During the outreach activities, the Board learnt that for some commodity processors and service providing broker-traders the accounting for commodity contracts under IFRSs:
- can result in an accounting mismatch;
- is not aligned with how commodity broker processors and some types of commodity broker-traders manage risk in the context of their business models; and
- may not provide useful information to users.
Many commodity processors and service broker-traders manage their overall commodity risk position on a fair value basis. The net risk exposure to the commodity price risk is managed such that it is close to zero by using derivatives.

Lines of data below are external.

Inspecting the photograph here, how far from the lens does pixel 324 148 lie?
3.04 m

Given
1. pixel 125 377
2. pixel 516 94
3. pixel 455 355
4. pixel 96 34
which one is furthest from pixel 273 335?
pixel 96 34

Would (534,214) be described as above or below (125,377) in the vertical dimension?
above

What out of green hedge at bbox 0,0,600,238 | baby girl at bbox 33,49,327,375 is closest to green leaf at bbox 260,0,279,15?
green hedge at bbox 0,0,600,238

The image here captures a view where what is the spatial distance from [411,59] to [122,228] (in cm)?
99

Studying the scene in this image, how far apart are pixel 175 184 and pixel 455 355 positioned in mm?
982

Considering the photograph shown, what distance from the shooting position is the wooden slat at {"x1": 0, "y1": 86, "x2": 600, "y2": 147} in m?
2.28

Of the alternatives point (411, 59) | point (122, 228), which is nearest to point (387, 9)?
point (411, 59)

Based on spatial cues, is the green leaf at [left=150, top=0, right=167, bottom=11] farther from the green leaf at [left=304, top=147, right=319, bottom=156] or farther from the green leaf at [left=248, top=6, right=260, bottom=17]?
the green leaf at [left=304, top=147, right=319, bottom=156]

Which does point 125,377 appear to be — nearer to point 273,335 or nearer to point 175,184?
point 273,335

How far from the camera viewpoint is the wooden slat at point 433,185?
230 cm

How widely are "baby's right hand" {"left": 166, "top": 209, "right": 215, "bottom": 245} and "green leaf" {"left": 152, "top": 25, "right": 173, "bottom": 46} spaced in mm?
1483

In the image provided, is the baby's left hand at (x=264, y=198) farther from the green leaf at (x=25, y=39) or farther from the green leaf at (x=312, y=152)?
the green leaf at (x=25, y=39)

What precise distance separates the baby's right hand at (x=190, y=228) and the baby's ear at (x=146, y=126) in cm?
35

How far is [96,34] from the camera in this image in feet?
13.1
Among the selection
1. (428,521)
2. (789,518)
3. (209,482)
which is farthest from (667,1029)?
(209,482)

The Board noted that hedge accounting is not an efficient solution because in the circumstances considered entities manage a net position of derivatives, executory contracts and physical long positions in a dynamic way. Hence, the Board tentatively decided that derivative accounting would apply to contracts that would otherwise meet the ‘own use’ scope exception if that is in accordance with the entity’s fair value-based risk management strategy. The Board believes that its tentative decision will provide a more accurate reflection of the financial position and performance of entities that manage their entire business on a fair value basis and provide more useful information to users of financial statements.
Designation of LIBOR (or other index) components in sub-LIBOR interest-bearing financial assets and liabilities
The Board discussed whether there is a LIBOR-component of an interest-bearing financial asset or financial liability if the effective interest rate of the instrument is lower than LIBOR
The Board discussed the restriction in IAS 39 regarding the designation of risk components when these exceed the total cash flows of the hedged item. The Board considered some scenarios in which allowing the designation on such a risk components basis would create counterintuitive outcomes.

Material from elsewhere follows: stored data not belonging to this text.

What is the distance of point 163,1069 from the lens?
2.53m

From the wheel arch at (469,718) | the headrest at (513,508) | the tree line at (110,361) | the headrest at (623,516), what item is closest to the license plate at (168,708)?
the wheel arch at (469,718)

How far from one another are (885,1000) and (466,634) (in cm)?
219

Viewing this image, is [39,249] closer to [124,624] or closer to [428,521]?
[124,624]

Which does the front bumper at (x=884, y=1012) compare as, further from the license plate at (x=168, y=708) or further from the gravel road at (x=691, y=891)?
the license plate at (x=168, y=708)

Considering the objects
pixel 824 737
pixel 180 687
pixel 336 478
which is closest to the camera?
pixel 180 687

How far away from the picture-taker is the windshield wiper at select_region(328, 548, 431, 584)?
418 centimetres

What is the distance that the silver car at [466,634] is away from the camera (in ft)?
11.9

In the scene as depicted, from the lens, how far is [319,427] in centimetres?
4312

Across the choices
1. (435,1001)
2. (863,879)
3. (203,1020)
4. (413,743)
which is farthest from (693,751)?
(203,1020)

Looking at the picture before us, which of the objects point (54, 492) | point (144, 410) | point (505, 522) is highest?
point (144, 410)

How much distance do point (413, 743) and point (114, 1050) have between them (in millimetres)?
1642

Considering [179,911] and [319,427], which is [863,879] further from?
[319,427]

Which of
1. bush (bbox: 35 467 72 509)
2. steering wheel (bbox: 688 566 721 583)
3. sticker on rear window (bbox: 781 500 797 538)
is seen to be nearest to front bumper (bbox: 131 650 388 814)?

The Board noted that the counterintuitive outcomes that could result in some scenarios when allowing designation on a risk component basis that would result in exceeding the total cash flows of the hedged item are inconsistent with economic characteristics of the hedged item.
Hence, the Board tentatively decided to retain the restrictions regarding the designation of risk components when the designated component would exceed the total cash flows of the hedged item (paragraphs AG99C and AG99D of IAS 39). However, hedge accounting would still be available on the basis of designating as the hedged item all of the cash flows of the entire hedged item for changes attributable to changes in LIBOR.
Hedge accounting disclosures
The Board tentatively decided on objectives for hedge accounting disclosures. The tentative disclosure objectives provide information about:
- the effect that hedge accounting has had on the entity’s statement of financial position, income statement and statement of comprehensive income;
- how an entity’s risk management strategy is applied to manage or transform risk; and
- how the entity’s hedge activities may affect the amount, timing and uncertainty of its future cash flows.
To meet these objectives the Board tentatively decided that:
- all hedge accounting disclosures should be provided by type of risk;
- the effects of hedge accounting on the primary statements should be disclosed using a tabular format (by type of risk and type of hedge);
- when an entity provides information on its risk management strategy (for each type of risk) it should also explain the exposure it has to that particular risk and how it has hedged that risk. This should be done for each future period for which the entity has designated a hedging relationship for that particular risk.
The Board also discussed disclosures suggested by the staff to meet these objectives, and tentatively agreed with the suggested disclosures.